По мнению В.А. Сапогова, цикл представляет собой «новый жанр, стоящий где-то между тематической подборкой стихотворений и поэмой»250. Л.В. Спроге также называет лирический цикл «поэмообразной» структурой, считая, что он выполняет схожие жанровые функции, но менее консервативные251. Однако следует разграничить жанрообразующие и конструктивные компоненты цикла, хотя они, безусловно, взаимосвязаны. К последним можно отнести, прежде всего, общую тему, своеобразный лирический сюжет, связанный с развитием темы и во многом определяющий композицию, пространственно-временной континуум, а также сквозные образы, часто имеющие символическое значение, аллюзии и реминисценции; кроме того, в качестве такого связующего звена может выступать интонационно-ритмическая организация цикла и особая система выразительно-изобразительных средств.

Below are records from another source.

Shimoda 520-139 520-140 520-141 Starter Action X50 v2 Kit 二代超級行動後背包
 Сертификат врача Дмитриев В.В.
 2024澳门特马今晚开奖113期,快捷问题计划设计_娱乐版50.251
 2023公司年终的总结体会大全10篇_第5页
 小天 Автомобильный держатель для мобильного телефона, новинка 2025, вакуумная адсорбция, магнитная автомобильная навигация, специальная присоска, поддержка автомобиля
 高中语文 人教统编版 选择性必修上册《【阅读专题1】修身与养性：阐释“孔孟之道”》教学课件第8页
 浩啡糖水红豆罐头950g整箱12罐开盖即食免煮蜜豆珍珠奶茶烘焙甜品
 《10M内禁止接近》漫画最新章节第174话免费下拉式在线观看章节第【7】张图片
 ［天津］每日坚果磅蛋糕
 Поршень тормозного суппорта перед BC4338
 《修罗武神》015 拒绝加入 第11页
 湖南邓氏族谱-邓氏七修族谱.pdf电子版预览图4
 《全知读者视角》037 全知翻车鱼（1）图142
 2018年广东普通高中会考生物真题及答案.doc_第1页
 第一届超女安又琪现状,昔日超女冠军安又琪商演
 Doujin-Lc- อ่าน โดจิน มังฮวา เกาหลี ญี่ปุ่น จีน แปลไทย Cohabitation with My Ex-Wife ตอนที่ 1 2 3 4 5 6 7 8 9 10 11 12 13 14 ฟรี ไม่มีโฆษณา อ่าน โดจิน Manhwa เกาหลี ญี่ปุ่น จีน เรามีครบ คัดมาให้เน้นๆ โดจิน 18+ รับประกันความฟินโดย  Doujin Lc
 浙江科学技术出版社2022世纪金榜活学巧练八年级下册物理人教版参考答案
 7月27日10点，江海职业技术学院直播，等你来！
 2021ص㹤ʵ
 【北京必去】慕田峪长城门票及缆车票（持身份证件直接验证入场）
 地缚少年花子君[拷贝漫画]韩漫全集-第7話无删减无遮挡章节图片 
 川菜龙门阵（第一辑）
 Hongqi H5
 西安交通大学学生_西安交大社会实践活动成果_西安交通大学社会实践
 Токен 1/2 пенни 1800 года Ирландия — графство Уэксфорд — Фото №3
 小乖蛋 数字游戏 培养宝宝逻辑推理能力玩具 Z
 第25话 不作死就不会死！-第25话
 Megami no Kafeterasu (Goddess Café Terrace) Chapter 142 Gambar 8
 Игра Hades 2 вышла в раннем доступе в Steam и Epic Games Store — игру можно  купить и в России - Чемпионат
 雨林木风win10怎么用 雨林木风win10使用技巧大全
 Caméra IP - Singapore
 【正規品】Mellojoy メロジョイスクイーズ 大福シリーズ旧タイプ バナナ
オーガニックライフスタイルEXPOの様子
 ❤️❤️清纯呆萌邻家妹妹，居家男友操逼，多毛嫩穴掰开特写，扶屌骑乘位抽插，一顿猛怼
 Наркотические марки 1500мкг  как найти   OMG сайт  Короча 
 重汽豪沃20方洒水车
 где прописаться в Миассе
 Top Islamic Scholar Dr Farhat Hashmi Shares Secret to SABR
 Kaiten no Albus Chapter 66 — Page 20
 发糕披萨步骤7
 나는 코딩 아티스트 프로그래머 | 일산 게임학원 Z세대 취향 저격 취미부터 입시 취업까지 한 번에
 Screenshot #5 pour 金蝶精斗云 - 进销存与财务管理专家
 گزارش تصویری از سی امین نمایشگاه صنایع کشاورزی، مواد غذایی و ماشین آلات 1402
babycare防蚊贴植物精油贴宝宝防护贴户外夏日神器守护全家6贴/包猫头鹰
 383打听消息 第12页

По мнению И.В. Фоменко, в основе цикла, который «формируется как полижанровая структура, вторичное жанровое образование по отношению к первичным жанрово-видовым признакам отдельных стихотворений», лежат «особые отношения между стихотворением и контекстом, позволяющие воплотить в системе определенным образом организованных стихотворений целостную и как угодно сложную систему авторских взглядов»252, то есть максимально выразить авторскую концепцию. Однако при всем этом возникает и немало спорных вопросов жанрологического свойства. Так, например, если считать одним из основных жанроформирующих факторов повторяемость тематической и структурной модели определенного жанра, которая приводит к появлению матрицы (а иногда и ее канонизации), то субъективная индивидуально-авторская модель цикла, как правило, не обладает таким свойством, она спорадична, следовательно, требует другого подхода при ее рассмотрении с позиций теории жанра. В частности, все более значимую интегративную роль начинает играть авторский индивидуальный (и часто неповторимый) подход к объединению частей целого, с одной стороны, безусловно, субъективный, с другой – учитывающий читательское восприятие и предоставляющий «ключи», позволяющие понять идею цикла и оправдать жанровые ожидания.